Ceausescu ‘autobiography’ – screened out of competition

Following Radu Muntean’s “Marti dupa Craciun” (“Tuesday, after Christmas”) and Cristi Puiu’s ‘Aurora’, a third Romanian film was screened at the Cannes Film Festival yesterday, out of competition. Andrei Ujica’s ‘Autobiografia lui Nicolae Ceausescu’ mainly consists of edited archive footage detailing the life of Romania’s communist dictator since taking power in 1965 to his violent overthrow during the 1989 revolution.

“In the end, the dictator is only an artist who has the possibility to put his egocentrism into practices. It’s just a matter of esthetic level, may it be Baudelaire, Bolintineanu, Louis XVI or Nicolae Ceausescu,” Ujica said, quoted by daily ‘Evenimentul Zilei.’
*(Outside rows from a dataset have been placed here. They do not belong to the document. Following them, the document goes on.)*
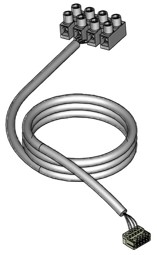 Zeige Details für Anschlussleitung OT/ATS Bild von Anschlussleitung OT/ATS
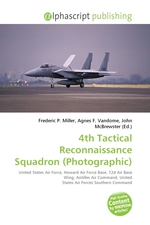 4th Tactical Reconnaissance Squadron (Photographic)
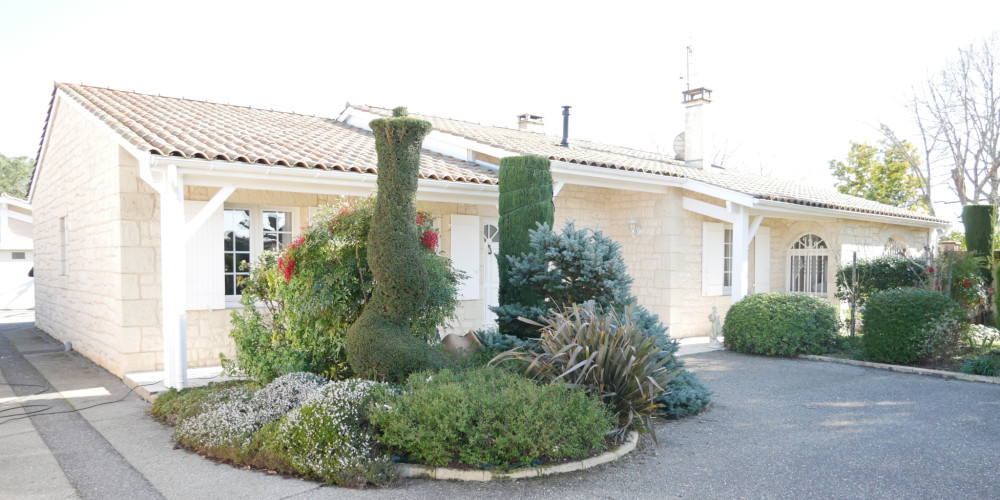 maison à ST PARDOUX DU BREUIL (47200)
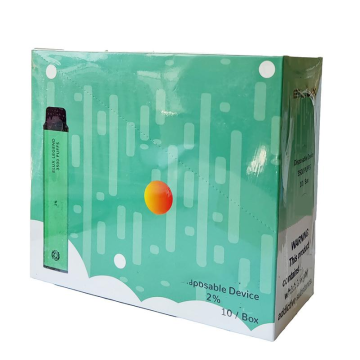 ई सिगरेट एल्यूक्स लीजेंड vape 3500puff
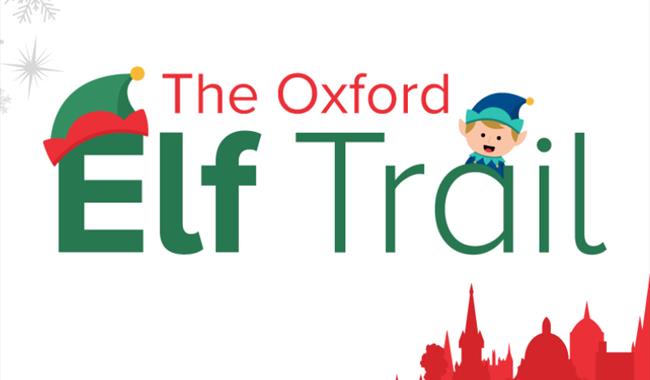 The Oxford Elf Trail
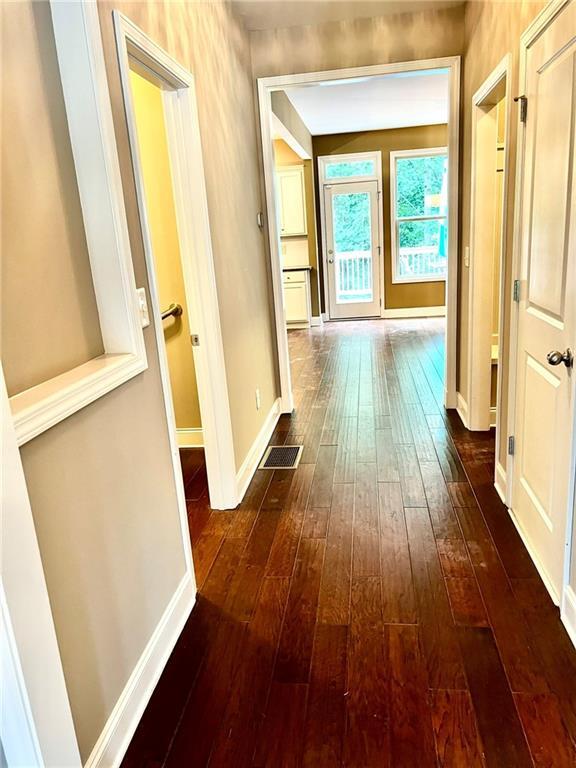 Building Photo - 3366 Kenyon Creek Dr NW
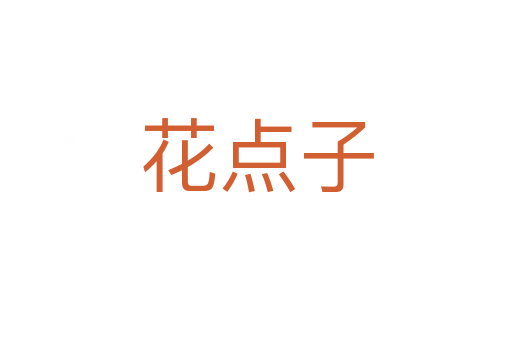 花点子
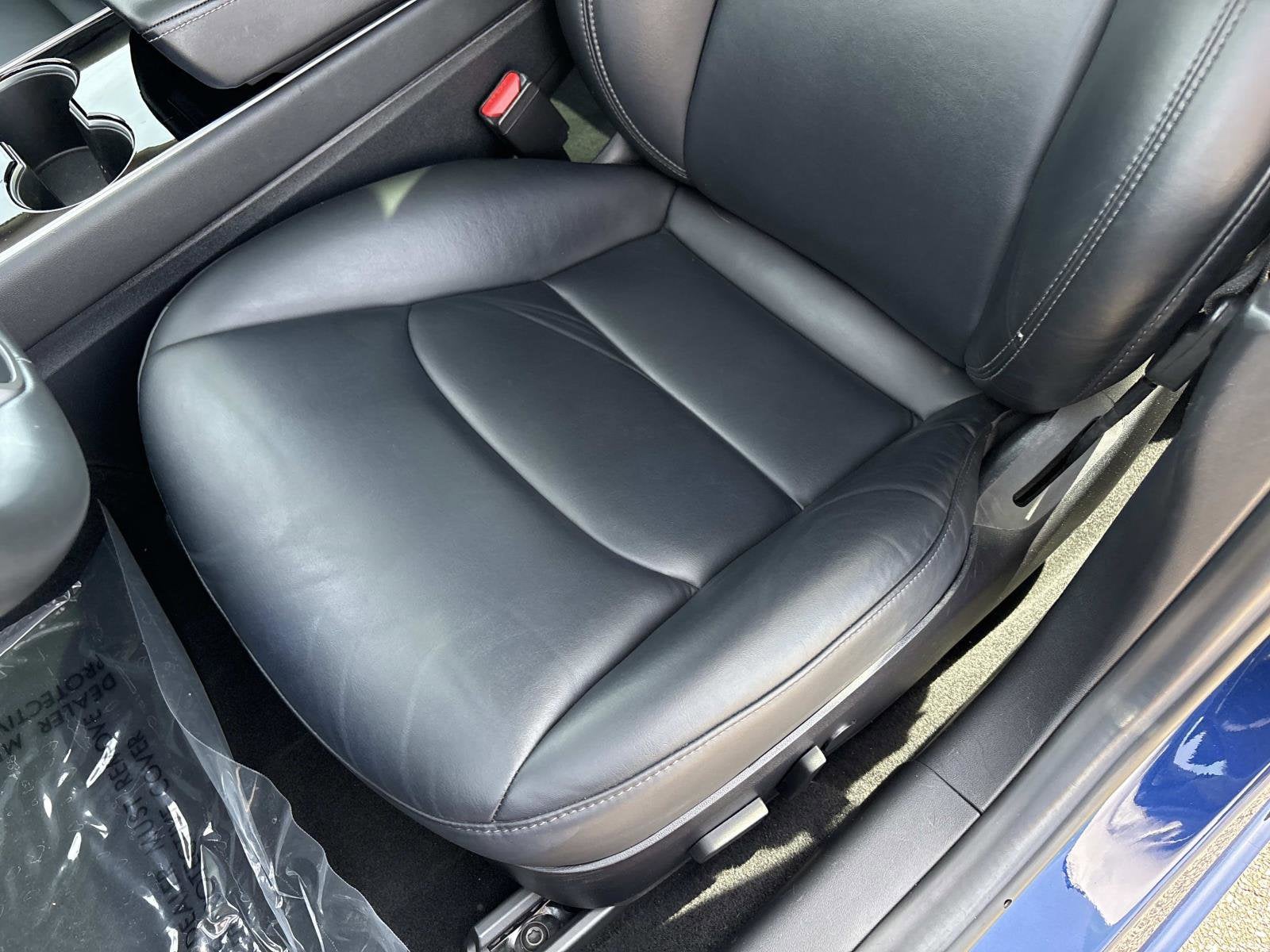 2018 Tesla Model 3 Base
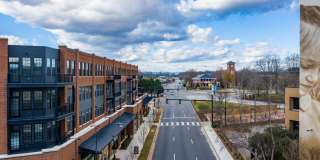 Canvas Lofts Gallery 9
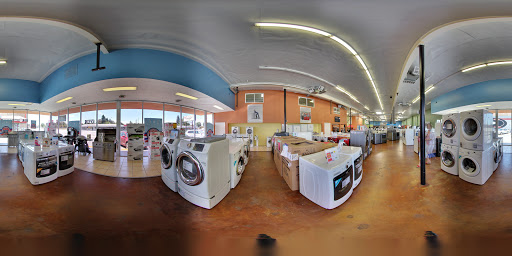 Appliance Store «Airport Home Appliance», reviews and photos, 966 S Bascom Ave, San Jose, CA 95128, USA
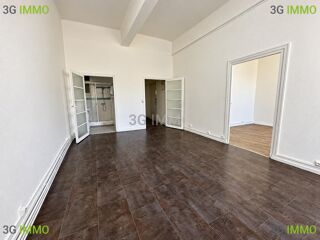  Appartement à vendre 3 pièces 63 m²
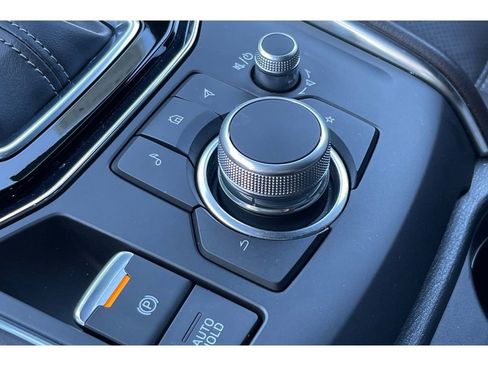 Certified 2025 MAZDA CX-5 Signature image 32
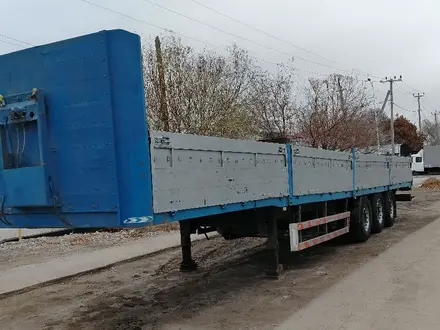 Schwarzmuller  Schwarzmuller 2005 года за 5 000 000 тг. в Кызылорда – фото 3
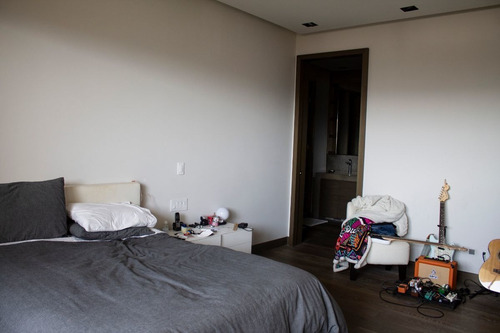 Imagen 14 de 30 de Espectacular Departamento En Venta En Club De Golf Bosques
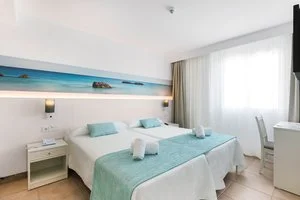 ALUASUN CONTINENTAL PARK HOTEL – Muro
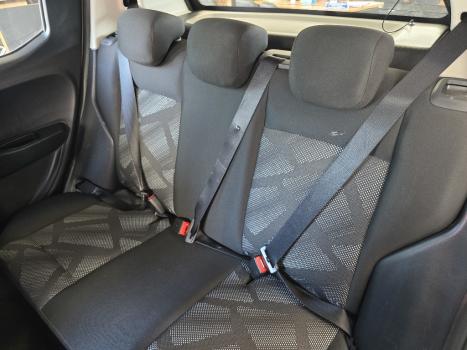 FIAT Mobi 1.0 4P FLEX EVO LIKE, Foto 15
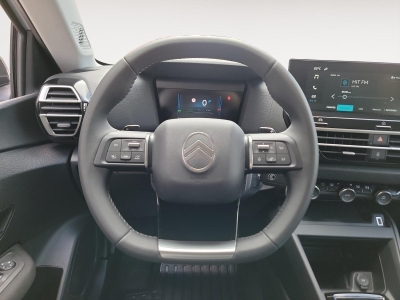 Citroën C4 N 1.2 MHEV 145 EDCS6 PLUS MIRROR RADAR AR+CAM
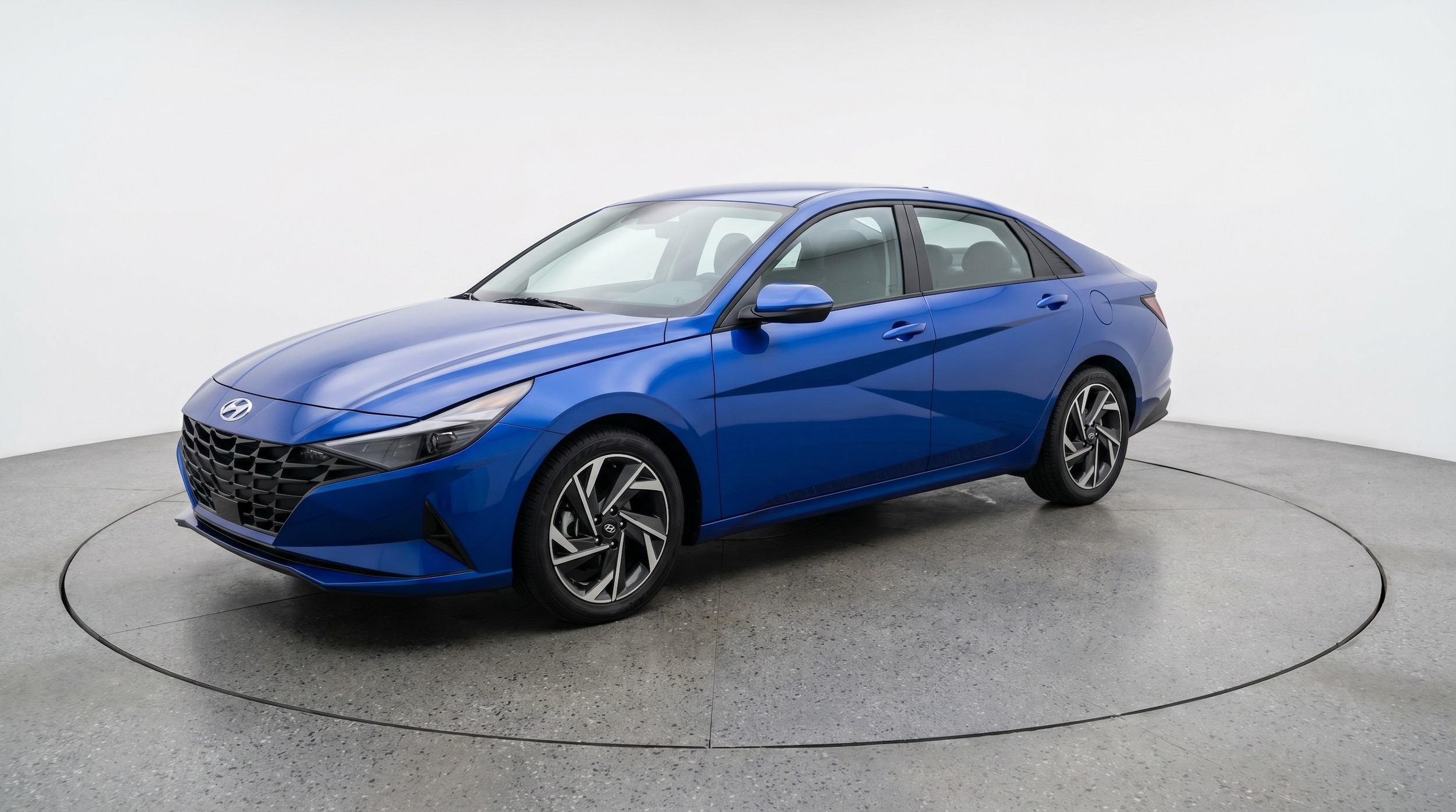 Thumbnail: 2025 Hyundai Elantra - 3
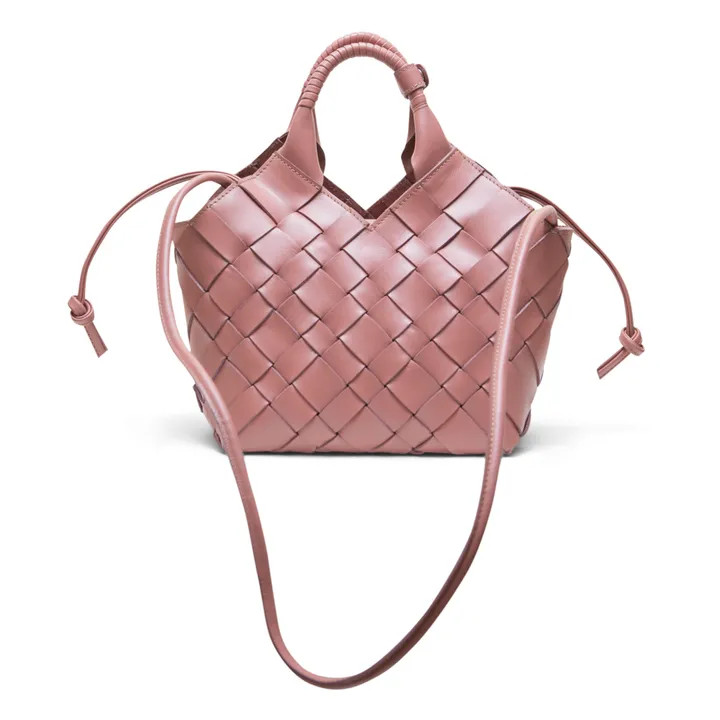 Misu Tasche Leder | Blush | Smallable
He explained that he went through over 250 hours of footage on Ceausescu and eventually edited it into three hours of film. The hard work allowed the director to gain new insight into Ceausescu’s rule. “I can say for sure a change occurred: his image became more human. My entire youth, Ceausescu was like a screen on which I projected my hatred against any kind of totalitarianism. I lived under his rule since I was 14 until I turned 29 – when I left Romania. And all this time, he was nothing to me but the abstact object of opaque hatred,” Ujica explained.

Javier Bardem film “Biutiful” moves crowd

Death stalks the cast of “Biutiful”, Mexican director Alejandro Gonzalez Inarritu’s moving portrayal of a father rushing to put his chaotic life in order before it is too late. Oscar-winning actor Javier Bardem plays the central role in a Spanish-language drama set in the back streets of Barcelona, where immigrant workers live in squalor and struggle to survive in a world where they are treated like animals, Reuters reported. Bardem’s character Uxbal is part criminal hustler, part clairvoyant who has visions of people beyond their grave, but he is above all a father whose two children are torn between him and their negligent, clinically depressed mother.

Warm applause and plenty of tears at a press screening on Monday at the Cannes film festival, where the movie is in the main competition, suggest it is one of the early favourites for awards, with Bardem in the frame for best actor. Asked how he found the experience of playing a man troubled by ghosts, ill health and the mess of his personal and professional life, Bardem replied: “You’ve seen the movie, right? It’s intense. So the process has been very intense, but it’s been also very rewarding in the sense of going to places where an actor has to grow up as a professional.”